Community organizers help local groups develop action plans and implement local development. Community organizers do not decide for others what their most pressing needs are, but rather facilitate dialogue as people together assess their challenges and opportunities and create socio-economic projects they want. Community organizers are negotiators, conflict managers, and help build mutually beneficial and peaceful relationships.

The reality is that neighborhoods and villages of people generally do not spontaneously come together to improve their socio-economic conditions. Catalysts are needed to jump-start the process and organize meetings. Communities do not automatically work through conflicts that naturally arise when they together plan local development and consider the broad range of interests and ideas reflected among them. Third party facilitators help to ensure an inclusive, partnership-building, and productive experience. Community organizers perform these and other key functions until development initiatives are self-sustaining and people are meeting their needs through their own capabilities (material, skills, and network).
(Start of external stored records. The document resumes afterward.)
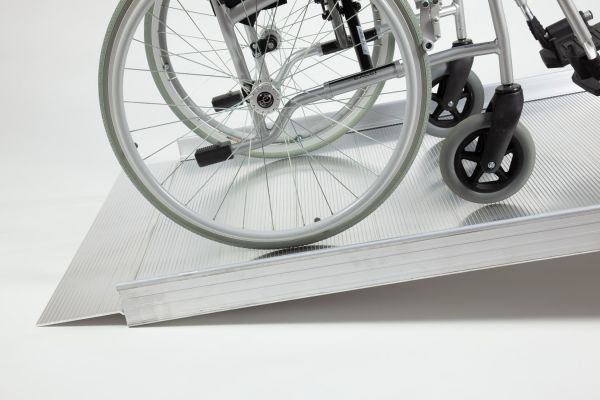 Wheelchair on wheelchair ramp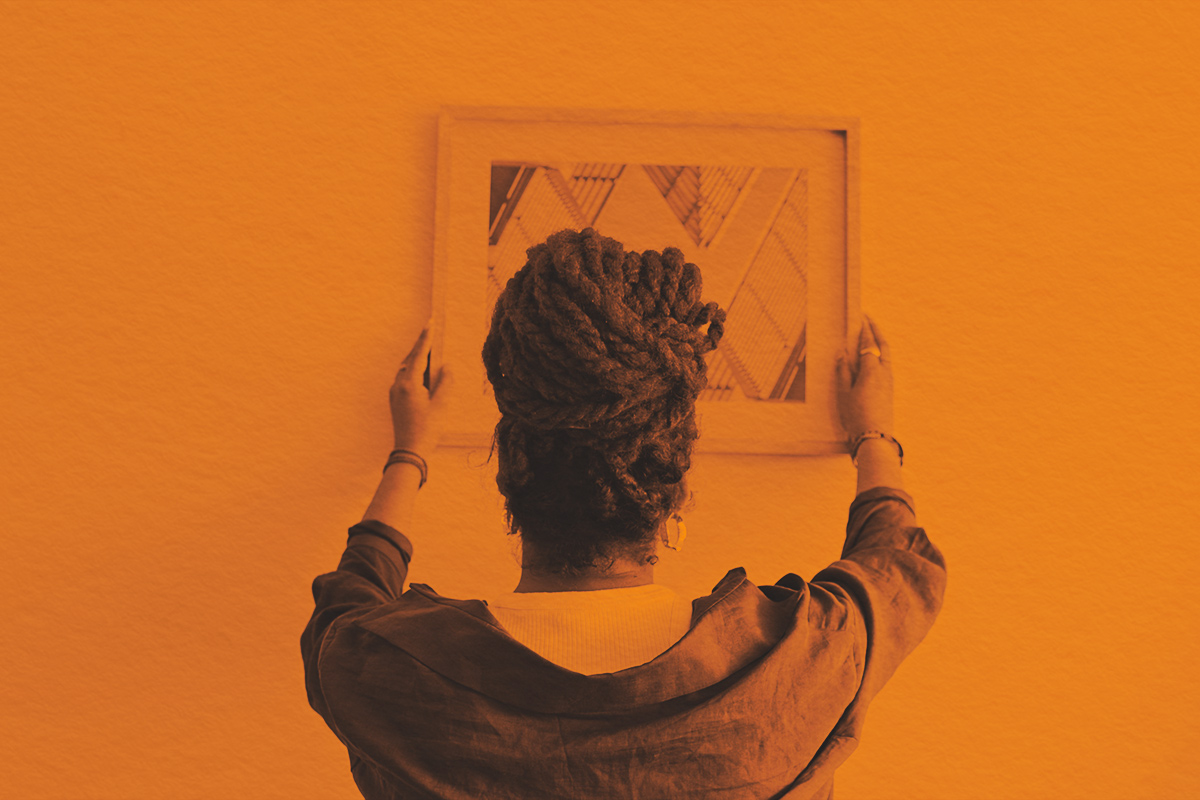 Woman hanging a painting at home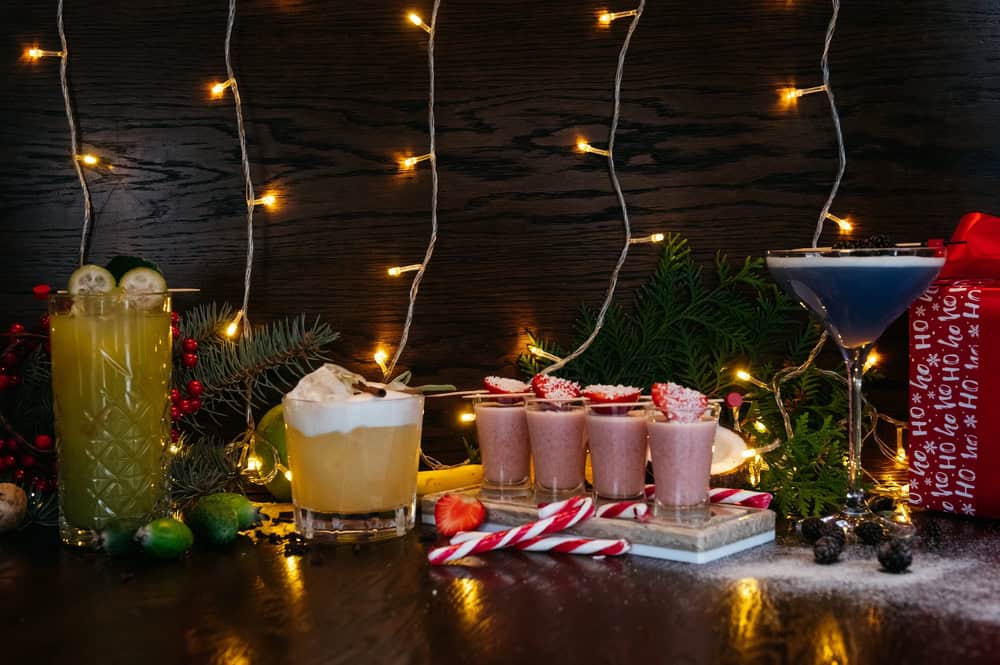 4 different cocktails with white twinkle lights in the background and Christmas decorations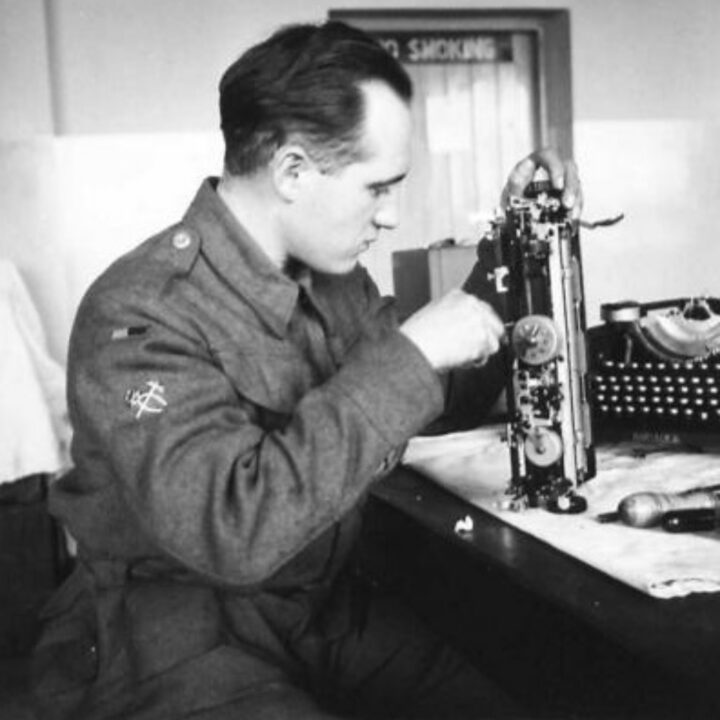 Craftsman Crimp of Bermondsey, Londond, England repairing an army typewriter at a Royal Electrical and Mechanical Engineers base workshop at Kinnegar Barracks, Holywood, Co. Down.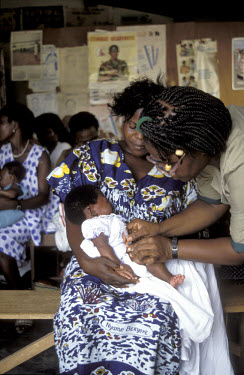 Baby having a check-up in a child welfare clinic.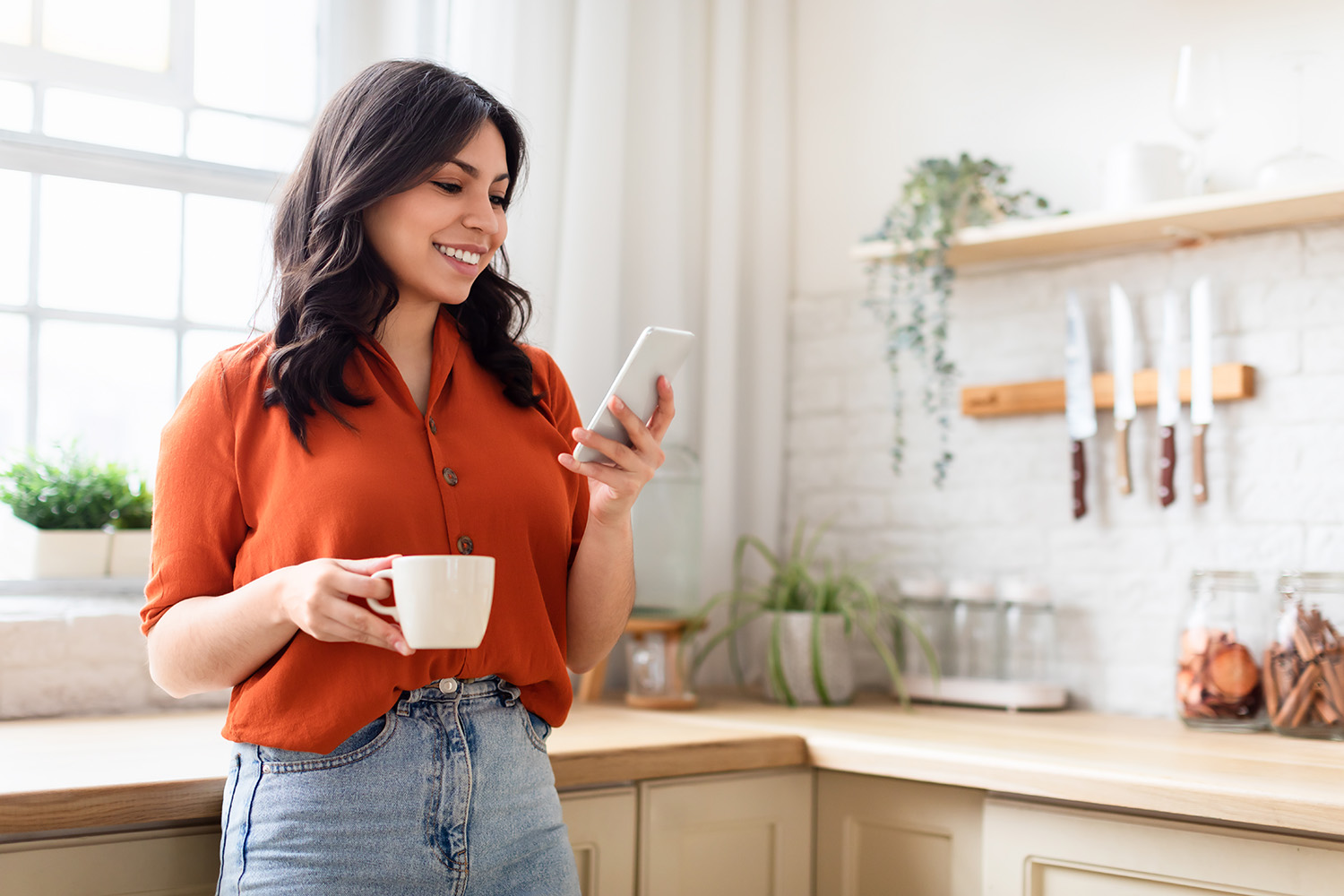 A CSAA customer standing in her kitchen with a cup of coffee, looking at the MyPolicy app on her smartphone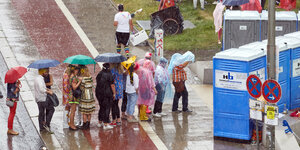 Menschen stehen in einer Kloschlange im Regen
Community organizing has a deep history in the United States. Its first initiatives in urban areas in the late 1800s were inspired by Alexis de Tocqueville and John Dewey – philosophers who connected community development to the intrinsic identity of the country. Contemporary community development grew significantly in the United States in the 1960s and its political roots are in decentralization and federalism – concepts embodied in the Constitution and that the Republican Party historically championed.

So, what kind of social policies come out of the community organizing perspective? None that warrant its attack at the Republican National Convention. For one, Senator Obama’s community organizing perspective had to have informed his recent proposals to reform the White House Office of Faith Based and Community Initiatives to broaden access to support while reducing unhealthy government-religion entanglements. Community organizing redresses the dislocation of families in the United States and around the globe caused by free trade or other social and natural phenomenon. People with community organizing backgrounds would likely intuitively know that for reconstruction and reconciliation in Iraq to endure, it needs to be locally-driven – a lesson finally applied by the United States after billions of dollars wasted and insecurity reigned in that country for years. In fact, community organizing is about rallying people’s participation, which is needed to deal with the range of domestic and international issues facing the United States. Most likely, the community organizing perspective of Senator Obama helped his presidential campaign put in place strategies that generated historic levels of grassroots support throughout the country for his election and enabled him to overcome significant odds to win the Democratic Primary.

Barack Obama should take advantage of this political opportunity created by the ironic remarks of Republicans Governor Palin and Mayor Giuliani and explain how community organizing directly relates to successfully dealing with the serious challenges confronting the United States, including terrorism. Facilitators of and participants in well organized community development initiatives are empowered in such a way that diminishes feelings of alienation and the kind of discontent that can lead to violence.

The Obama campaign ought to make the case that community organizing is the right kind of experience needed at the highest level of decision-making. Non-ideological, pragmatic Republicans that support their party for the very reason it was founded – to better enable the people of states and communities to manage their own affairs – may see that their priorities are better served through the community organizing experience of Barack Obama.